Create a fresh Step config, optionally updated with params.

item_uid(value: Any) str | None#

Custom cache uid for value, or None for default keying.

lookup(value: Any = <exca.steps.identity.NoValue object>, *, _upstream: Sequence[Step] = (), _uid: str | None = None) LookupHandle#

Return a LookupHandle for inspecting or clearing the cache.

Parameters:

value – The input value to look up. Omit for no-input steps.

Returns:

Handle to inspect, retrieve, or clear the cached result.

Return type:

LookupHandle

run(value: Any = <exca.steps.identity.NoValue object>) Any#

Execute the step, using the cache and backend when configured.

Parameters:

value – Input to the step. Omit for no-input steps.

Returns:

Cached or freshly computed result.

Return type:

Any

class exca.steps.Chain(*, infra: Backend | None = None, steps: Sequence[Step] | OrderedDict[str, Step])#

Bases: Step

Compose multiple steps sequentially.

Example:

chain = Chain(
    steps=[LoadData(path="x.csv"), Train(epochs=10)],
    infra={"backend": "Cached", "folder": "/cache"},
)
result = chain.run()

Chain has the same public API as Step; the constructor adds a steps field (a Sequence[Step] or OrderedDict[str, Step]). chain[i] and len(chain) index into the sub-steps; slicing returns a new Chain.

Batched execution#

class exca.steps.Items(values: Iterable[Any] | None = None)[source]#

Batch wrapper: run the same step over many inputs.

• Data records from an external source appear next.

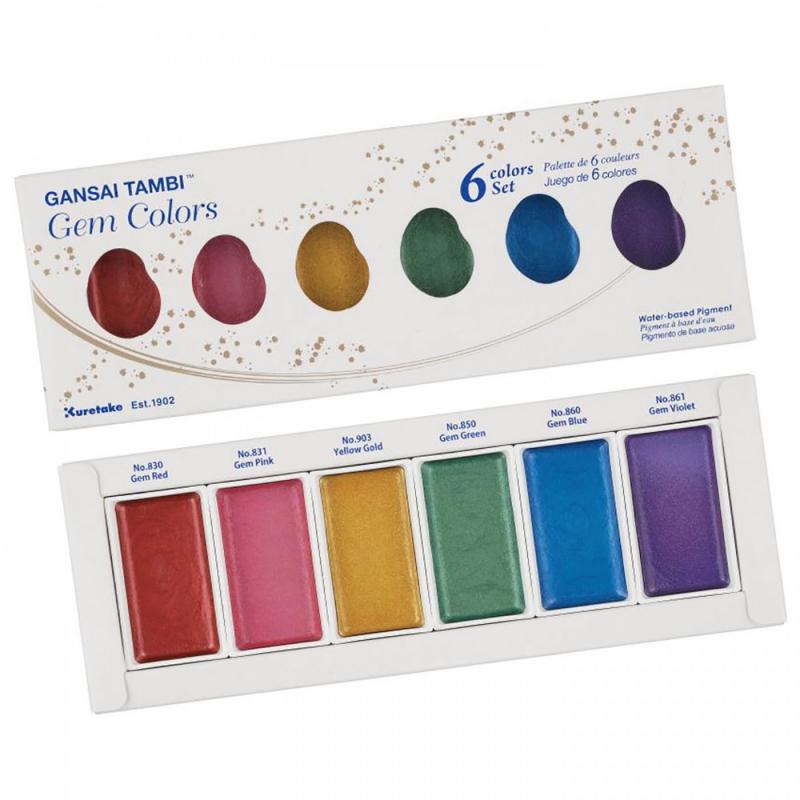 Gansai Tambi Gem Colors od Kuretake sú akvarelové farby, ktoré obsahujú metalický pigment s trblietavým leskom. S&uacu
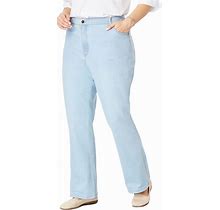 Plus Size Women's Bootcut Stretch Jean By Woman Within In Light Wash Sanded (Size 22 WP)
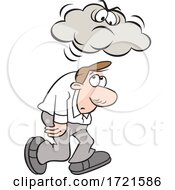 Poster, Art Print Of Cartoon Man Under A Grumpy Or Angry Cloud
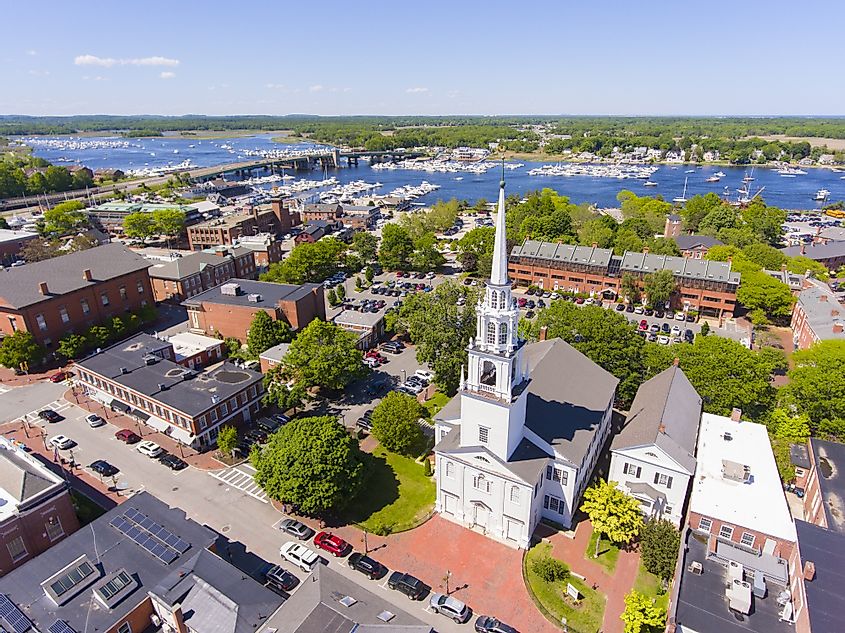 Newburyport historic downtown including State Street and First Religious Society Unitarian Universalist Church with Merrimack River at the background aerial view, Newburyport, Massachusetts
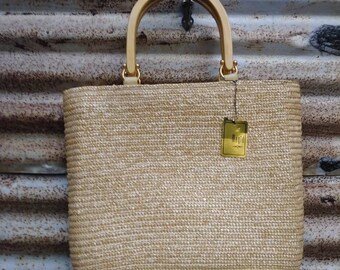 Vintage Straw Purse with Wood Handle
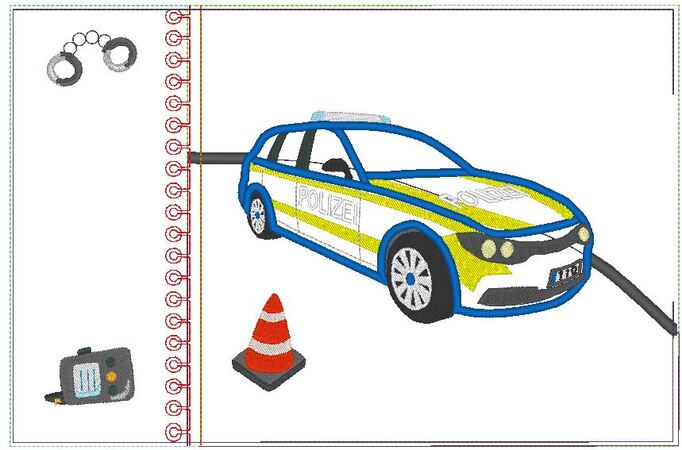 Stickdatei - Kissen ITH - Polizei Auto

step.run(Items([v1, v2, ...])) produces a streaming iterator yielding one result per input, in order, with one cache entry per (step, input) pair. Items() with no arguments is the no-input form for generator steps.

Example:

step = Multiply(coeff=2.0, infra={"backend": "Cached", "folder": cache})
for r in step.run(Items([1.0, 2.0, 3.0])):
    print(r)                                    # 2.0, then 4.0, then 6.0

See Items — batched compute for batched semantics, custom item_uid, and _run_batch.

exception exca.steps.items.BatchProtocolError[source]#

Raised when _run_batch does not yield one result per consumed input.

Cache lookup#

class exca.steps.backends.LookupHandle(paths: StepPaths | None = None, cache_dict: CacheDict[Any] | None = None, backend: Backend | None = None, uid: str = '')[source]#

Cache handle for a (step, value) pair.

Returned by Step.lookup(). Provides read-only access to the cache entry and its on-disk paths.

property cache_dict: CacheDict[Any][source]#

CacheDict for this entry.

cached() bool[source]#

True iff there is a cached success or error.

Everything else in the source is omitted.